Drew was one of many kids around the country who was getting in trouble for his chronic tardiness. The only difference was why he was always late. Drew wasn’t addicted to the snooze, and he wasn’t trying to skip out on going to class. In fact, he wasn’t at all to blame for his poor punctuality.
Drew showed up late because of his mother’s health. In addition, her old car tended to break down.
Back in 2015, the family car was giving his mother trouble. Drew and his then 25-year-old mother, Natalie Garfield, couldn’t rely on their Dodge Durango to get them to school. The SUV was in need of desperate repairs that they couldn’t afford, and Drew was paying the price for it.
When the can wouldn’t start, the kid and her mother had to walk 30 minutes only to arrive to the bus stop.
But Garfield’s osteoporosis made long walks very tough and painful “In the mornings is especially hard for me to get going.” Said the mother.
So Drew used to miss the school bus.
After arriving to school late for the third time, Drew was put in detention.
When his mother found out what detention involved, she was not happy.
Garfield said that Drew was crying when he went in to school that day. He knew he was getting a detention for being late, per the school policy.
“[The school has] a policy where every three tardies, you get a detention,” she told ABC News. “Every tardy after that, you get a detention.”
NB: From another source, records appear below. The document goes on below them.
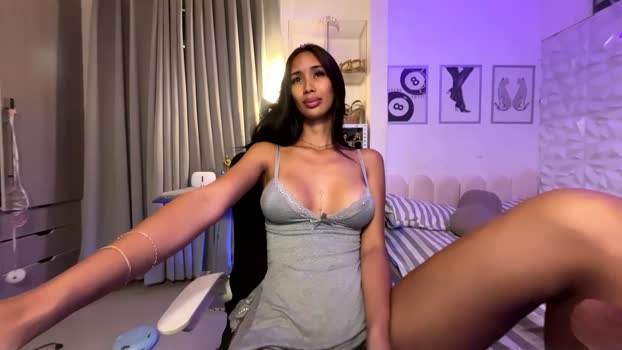 lanadel_hilton 17-04-2026 Gay Recording - Nude bigload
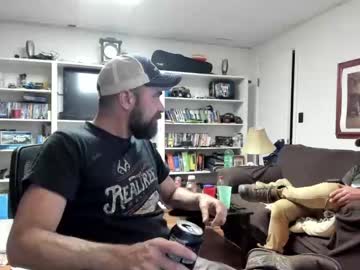webcam man hardworkertn live cam image #5848242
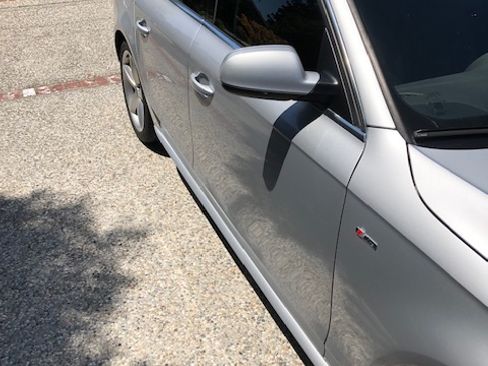 Used 2012 Audi A4 2.0T Premium Plus image 16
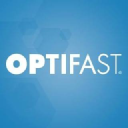 Optifast UK – Cashback, Rebates & Rewards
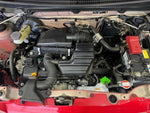 ALTO  4WD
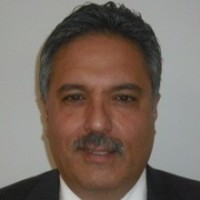 Charles Frasca, MBA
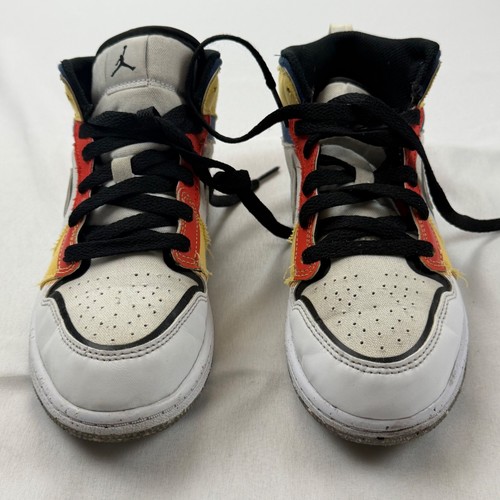 Jordan air - jordan,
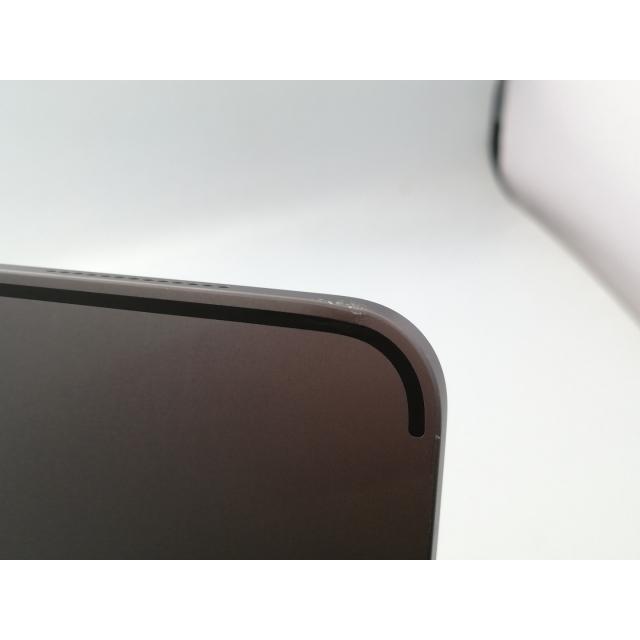 中古】Apple 【Wi-Fi】 11インチ iPad Pro（第1世代/2018） 1TB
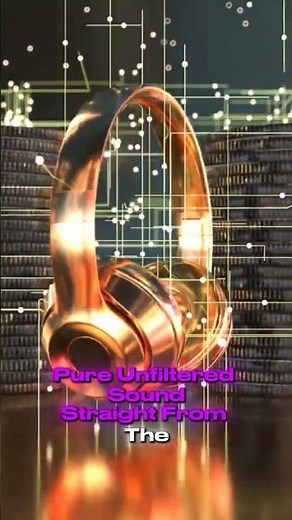 Android Hi-Res Audio: The Hidden Power Inside #hifi #hiresaudio #audiophile #techshorts #shorts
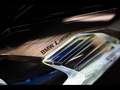 BMW 420 M PACK M ZETELS HARMANKARDO GLASDAK CAMERA Czarny - thumbnail 33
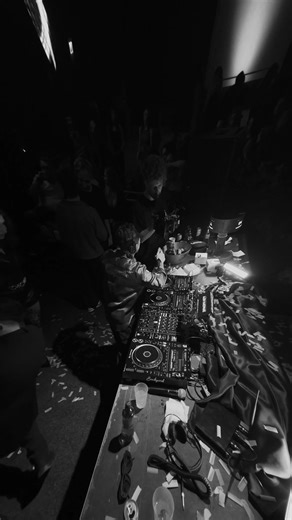 Bringing Sexy Back: A Classic Remix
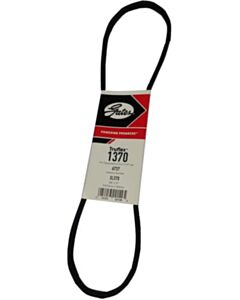 OHAUS Belt, 94 Centimeters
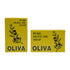 Olive Oil Soap 125g - Oliva - Bar Soap - Eco Natural Products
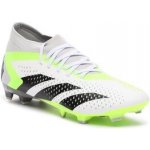 adidas PREDATOR ACCURACY.2 FG gz0028 – Hledejceny.cz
She decided to visit her son during lunch to cheer him up during detention. He was so upset about it earlier that morning, so, feeling responsible, it was her motherly instinct to make her son feel better. She’s glad she went by, because otherwise she wouldn’t have known what “detention” meant.
Garfield took pictures of her son sitting at a table by himself, with a cardboard divider separating him from the rest of his schoolmates and two or three books next to him.
“My heart just broke, because he was sitting there, and he just was kind of peeking around the side. I just felt terrible for him, He wasn’t tardy so many times that he deserved that.” Garfield said.
She was angry, emotionally distraught, and posted the photos on Facebook. The images spread quickly, and onlookers were torn to bits when they saw Drew humiliated by the faculty and staff of the school.
“This is my grandson, Drew. He’s a little first grader,” Drew’s grandmother Laura Hoover posted on Facebook. “His mom found him there, crying, and took him home for the day.”
Eventually the photos of Drew sitting in the cafeteria, isolated from the other kids by a cardboard divider, gained enough attention that a local radio host contacted Natalie.
AM 1440 radio personality William Mars first heard of Drew’s story through listeners to his show, and when he saw the images for himself, he wanted to help fix the cause of the tardiness.
“We see a lot of bad news, or we have a lot of problems. So seldomly do we ever get a chance to fix the root of the problem,” Mars told us
After Mars reached out to Lucille Cullen, owner of Lucille Automotive, and asked if she’d be willing to do the repairs, she agreed. The family dropped their car off at the auto repair shop, thrilled and grateful they were going to have their car fixed.
As it turns out, their Dodge Durango was in such bad shape it was beyond repair.
“The repairs were more than what the car was actually worth,” Lucille said.
When the family returned to pick up their car, they figured they would thank everyone for trying to help them, but ultimately be in the same position they were in before.
Little did they know what was in the works.
Mars wanted to do everything he could to help the struggling mother, he generously offered to buy a 2011 Chrysler Town and Country van for the whole family.
Other local area shops donated new tires and a new windshield,
Mars also put about $1,400 worth of maintenance and repairs into the vehicle.
“It wasn’t a latest model car but it was totally reliable, Natalie wouldn’t have to deal with repairs for a long time”
“We were so shocked; it doesn’t seem real. I’m trying to tell Drew that this doesn’t just happen to you.”
Since getting their new van, Drew hasn’t been late to school a single time. And the school amended its tardiness protocol.
“As a result of the concerns raised, the district ended the learning catch-up location at Lincoln Elementary School,” the Grants Pass District said in a statement. “Going forward, a separate, supervised classroom has been designated for necessary catch-up work.”
All Natalie ever wanted was to be able to get Drew to school on time. And she wanted a change to the school policy which she felt disproportionately punished her son for things that were beyond his control. The community came together and gave her so much more.
“We’re so thankful to all the people in our community that have just been so supportive,” she said.
“This family never asked for the help. All they ever wanted was to change the school policy,” Mars said. “We saw a way to do a little nudge, and then everyone else came in with their time and generosity.”